Así que ahora lo tenemos al pobre Indio con el nivel de ansiedad tan disparado, que amaga con desembocar en un ataque de pánico en toda la línea. No le sirve el fármaco con que lo hayan medicado (“¡Mi cápsula neural ya no me hace efecto!”, exclama, refiriéndose al ansiolítico, al antidepresivo o al medicamento que se haya zampado, sea este cual fuere). Está convencido de que el avión se ha puesto incontrolable (“¡Y el joystick rojo no gobierna nada más! / ¡No me obedece más la nave donde estoy!”) y está experimentando la sensación de asfixia esa que es tan característica y frecuente en los claustrofóbicos (“¡Falta el aire!”). Y en ese estado, se empeña en atribuirle fallas -inexistentes, desde ya- al avión (“La luz parpadea...”).
Así las cosas, el comandante de la aeronave intenta nuevamente tranquilizarlo y vuelve a mostrarle que el instrumental indica que todo está OK y que desde tierra así lo ratifican (“Control insiste en que es normal lo que ocurre”), y en procura de llevarle más seguridad todavía; lo invita a permanecer con él en la cabina (“que estar tan solo, así, puede hacer mal...”).
Hay un final feliz, porque -a regañadientes y aún escéptico-, el Indio acepta, resignadamente, el convite del piloto (“Me arrastro muy lentamente, sobre mi vientre... ¡Aleluya! ¡Aleluya!”). Y algún efecto benéfico le causa, porque a continuación estampa un “adivino más que veo / un campo soleado en mí...”. Es decir que, si bien no convencido del todo; ya al menos ha consentido en trocar ese tenebroso mar en el que creía iba a precipitarse el avión, por un campo soleado.

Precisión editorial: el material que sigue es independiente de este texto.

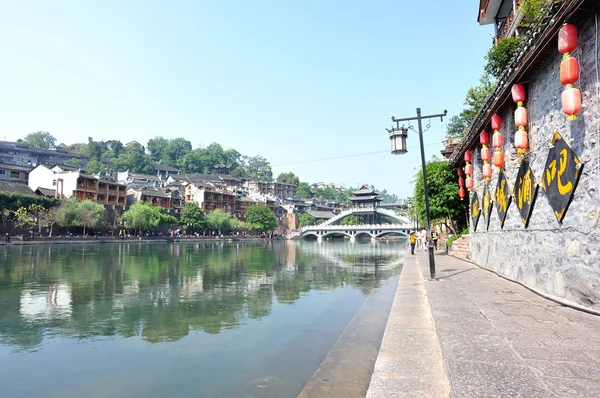 Bellissimo paesaggio della città antica di Fenghuang — Foto Stock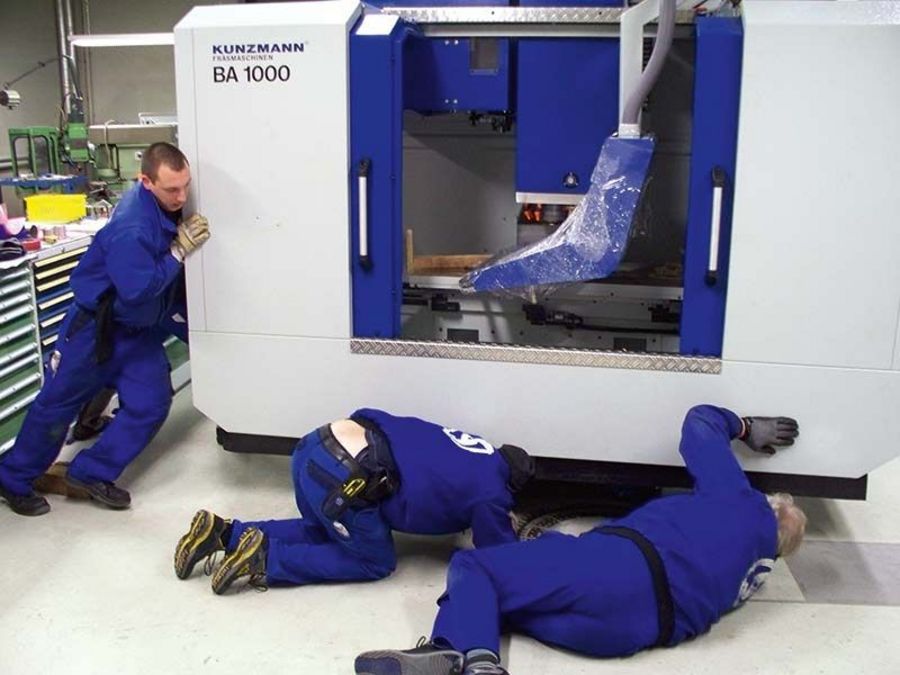 Scheidt - Servicetechniker bei der Arbeit Scheidt - Servicetechniker bei der Arbeit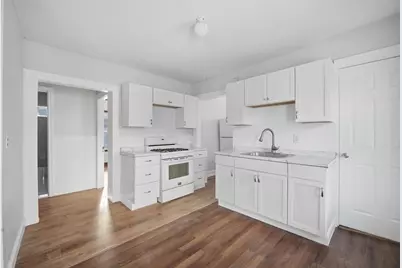 7-9 Glendell Ter, Springfield, MA 01108 - Photo 1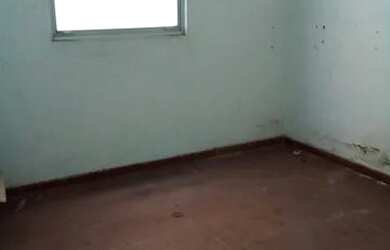 Imagem: A casa possui 3 Dormitórios, 2 Banheiros, 1 Vaga na garagem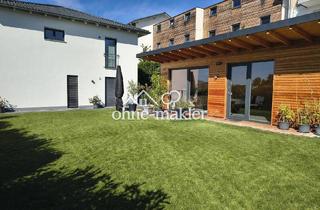 Villa kaufen in 94099 Ruhstorf, Zweifamilien - Architektenvilla im Bäderdreieck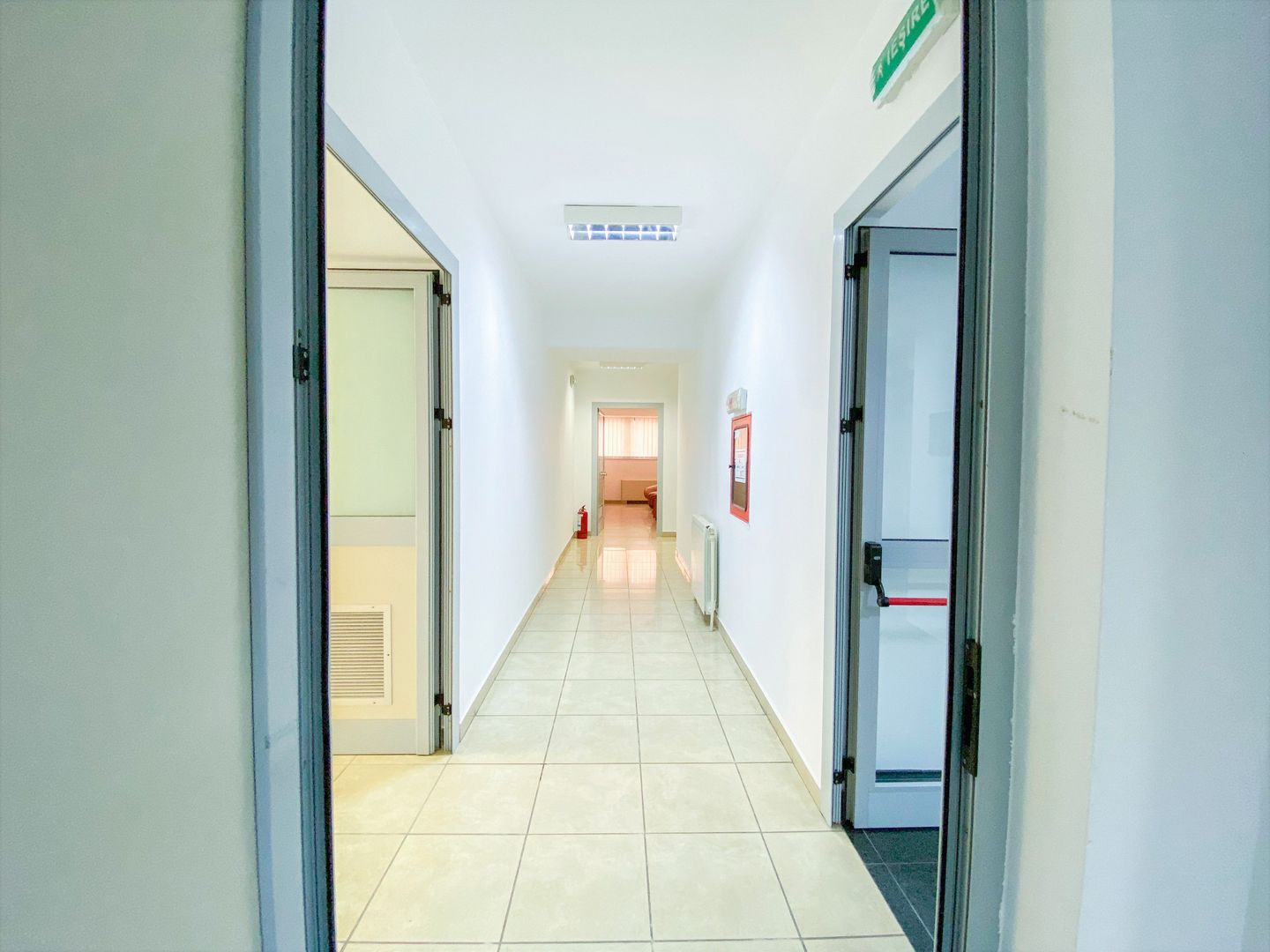 De inchiriat in cladire birouri P+5 etaje – PARTER - Poză 8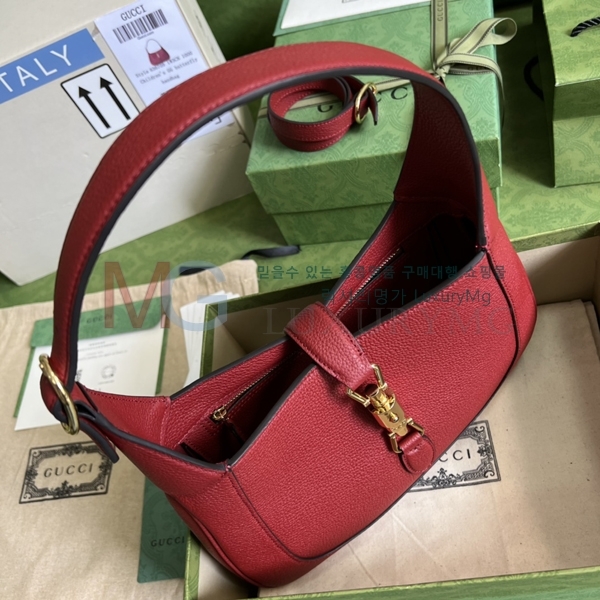 ���� ��Ű ���� ȣ���� 636709-A11-3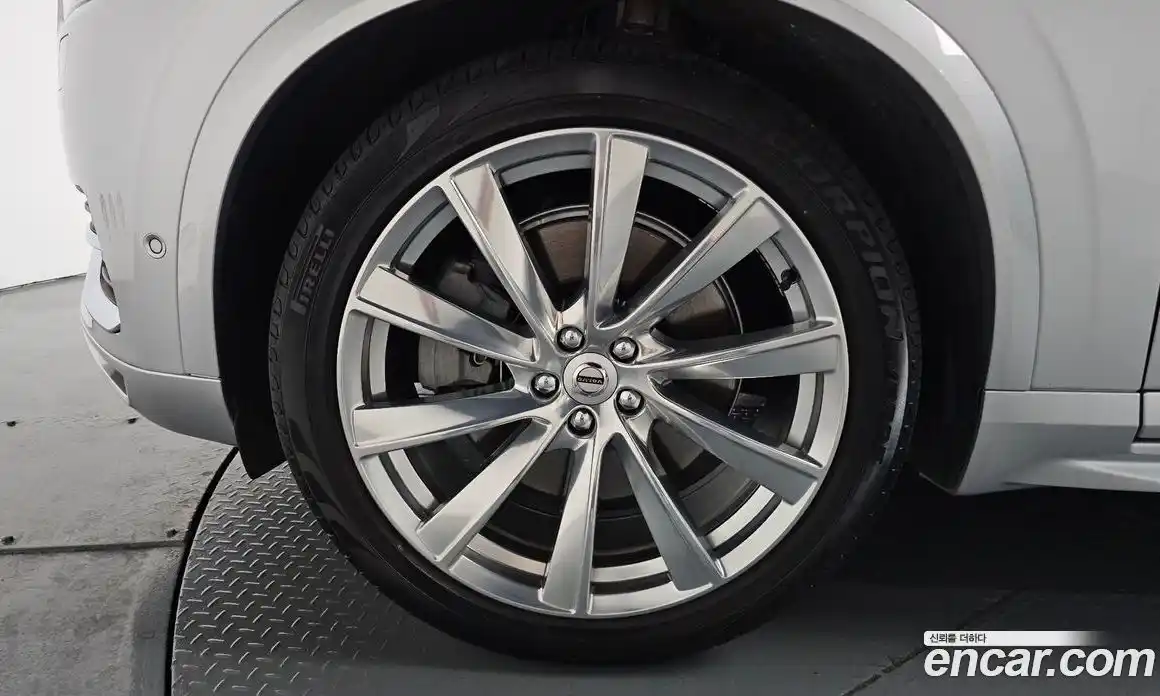 Volvo XC90 2020 2.0 гидро в Москве № 2057947, фото 4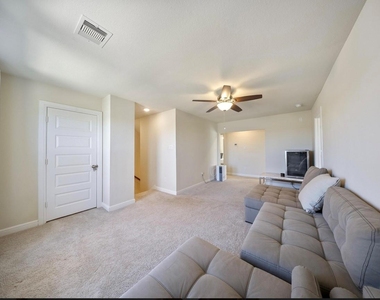 18106 Alora Spring Trace - Photo Thumbnail 16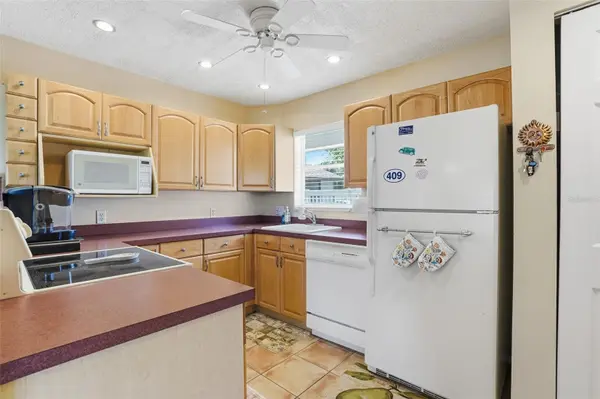 4289 ISLAND CIR #1, Fort Myers, FL 33919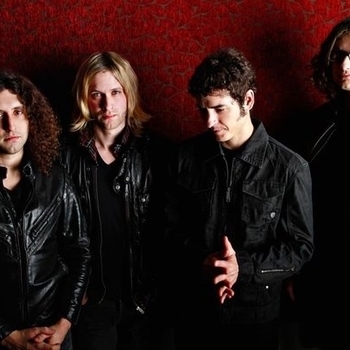 Vendetta Red – P.S. Love the Black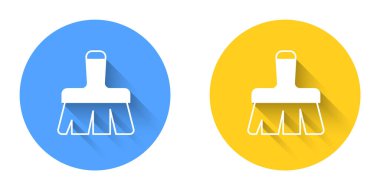 Beyaz boya fırça simgesi uzun gölge arkaplan izole. Çember düğmesi. Vektör.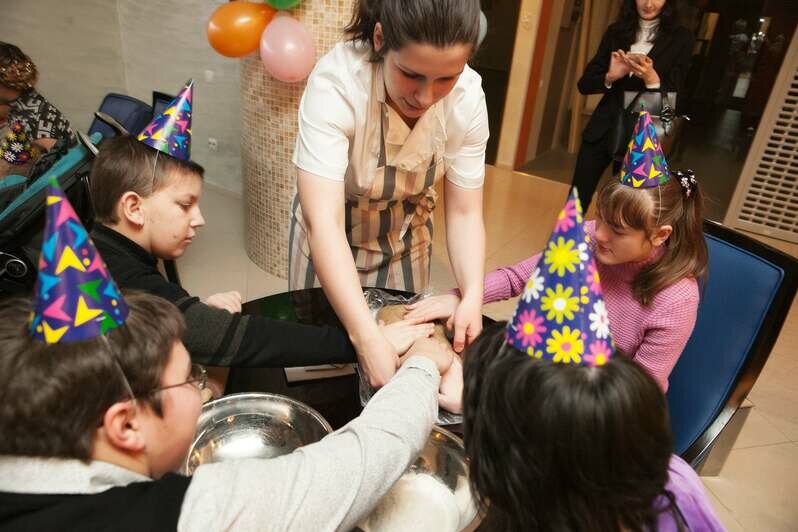 &lt;div&gt;
	В день своего открытия пекарня La Cambus устроила праздник для детей с ограниченными возможностями
	&lt;div&gt;
		&amp;nbsp;&lt;/div&gt;
&lt;/div&gt;
&lt;div&gt;
	&amp;nbsp;&lt;/div&gt;

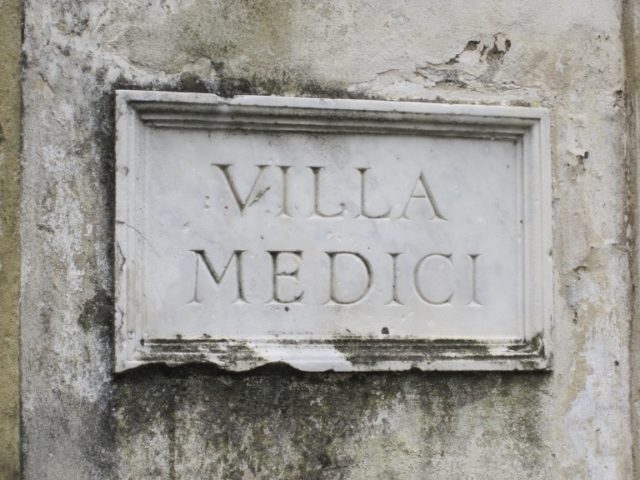 Villa Medici sign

Lo cual concluye festejando con un “¡Aleluya! ¡Aleluya!” (aleluya significa, etimológicamente, “alaben a Dios”), que, por esta vez, no es irónico; sino expresado con júbilo, por raro que suene en un agnóstico como Solari.
Y así, nuestro querido Indio pudo felizmente arribar a Nueva York y ver, en algún cine de la Gran Manzana, Wall Street 2, de Oliver Stone, que se estrenaba por entonces (2010).
¡Aleluya! ¡Aleluya!


Nota: la imagen que sirve de portada al presente artículo, es una ilustración cuya autoría corresponde a Carlos Indio Solari, lleva por título Claustrofobia y fue exhibida en la Biblioteca Nacional de la República Argentina en 2015.